Untuk kebutuhan penyidikan, Tim Penyidik menahan para tersangka masing-masing selama 20 hari pertama, mulai 28 Maret 2023 sampai 16 April 2023 di Rutan KPK di Gedung Merah Putih.

 

Perkara itu terjadi pada saat BBSB yang menjabat sebagai Bupati Kabupaten Kapuas, selama 2 periode yaitu 2013 sampai 2018 dan 2018 sampai 2023.

 

Dengan jabatannya tersebut, ia diduga menerima fasilitas dan  sejumlah uang dari berbagai Satuan Kerja Perangkat Daerah (SKPD) yang ada di Pemkab Kapuas termasuk dari beberapa pihak swasta.

 

Sedangkan AE istri Bupati sekaligus anggota DPR RI juga diduga aktif turut campur dalam proses pemerintahan, antara lain dengan memerintahkan beberapa Kepala SKPD untuk memenuhi kebutuhan pribadinya dalam bentuk pemberian uang dan barang mewah.

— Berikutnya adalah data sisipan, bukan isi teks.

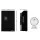 Devanti Dehumidifier and Air Purifier, ABS Plastic, 2L Capacity, Black, 30sqm Coverage, Quiet Operation, 1-Year Warranty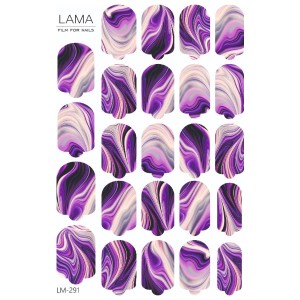 ΑΥΤΟΚΟΛΛΗΤΟ ΓΙΑ ΜΑΝΙΚΙΟΥΡ LM-291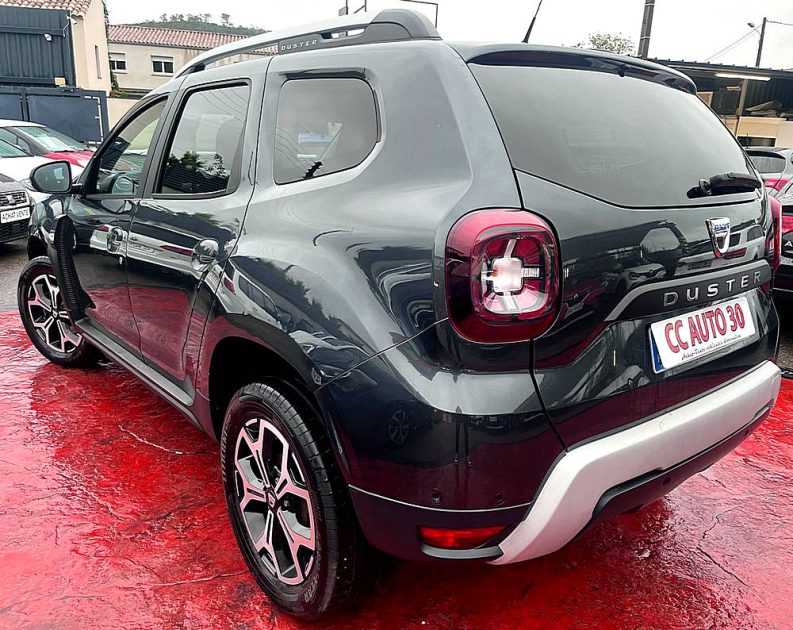 RENAULT DUSTER 2018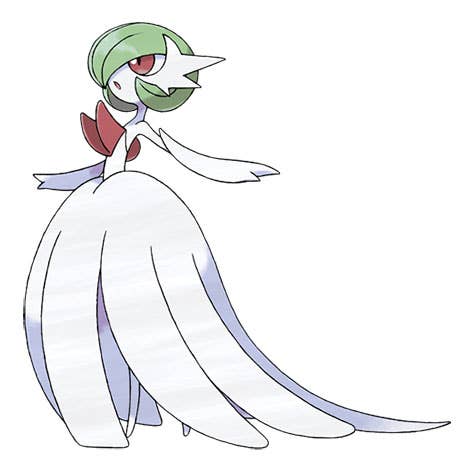 gardevoir weakness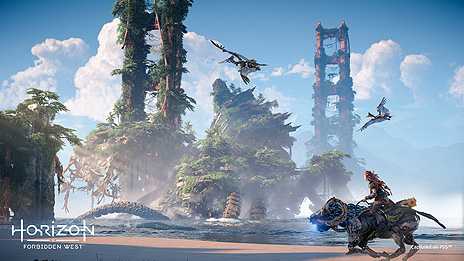 ꡼ No.005Υͥ / Horizon Forbidden Westȯ䡣߷2000ܤˤHorizon Zero Dawnɤ³꡼ǿ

Baca Juga :  IPW Kecam Penggerebekan Wabup Rokan Hilir

 

Sumber uang yang diterima BBSB dan AE berasal dari berbagai pos anggaran resmi yang ada di SKPD Pemkab Kapuas.

 

Fasilitas dan sejumlah uang yang diterima kemudian digunakan BBSB antara lain untuk biaya operasional saat mengikuti pemilihan Bupati Kapuas, pemilihan Gubernur Kalimantan Tengah termasuk untuk keikutsertaan AE yang merupakan istri BBSB dalam pemilihan anggota legislatif DPR RI di 2019.

 

BBSB juga meminta pada beberapa pihak swasta untuk menyiapkan sejumlah massa saat mengikuti pemilihan Bupati Kapuas, pemilihan Gubernur Kalteng dan AE saat maju dalam pemilihan anggota DPR RI.

 

Tanak mengingatkan, seharusnya kepala daerah sebagai Penyelenggara Negara sepatutnya menjadi teladan institusi dan pengayom bagi jajaran pegawai di lingkungannya.

 

Bukan justru memanfaatkan jabatannya untuk melakukan praktik korupsi untuk kepentingan pribadinya.

 

Para Tersangka disangkakan melanggar Pasal 12 huruf f dan Pasal 11 Undang-Undang Nomor 31 Tahun 1999 tentang Pemberantasan Tindak Pidana Korupsi sebagaimana telah diubah dengan Undang-Undang Nomor 20 Tahun 2001 tentang Perubahan Atas Undang-Undang Nomor 31 Tahun 1999 tentang Pemberantasan Tindak Pidana Korupsi Jo Pasal 55 ayat (1) ke 1 KUHP.

 

Gerak cepat pihak KPK menahan kedua tersangka korupsi ini tentunya mendapatkan atensi dan apresiasi dari berbagai kalangan, khususnya para penggiat anti korupsi di Indonesia.

 

Meskipun kasus ini dianggap masih baru dengan nominal korupsi yang kecil.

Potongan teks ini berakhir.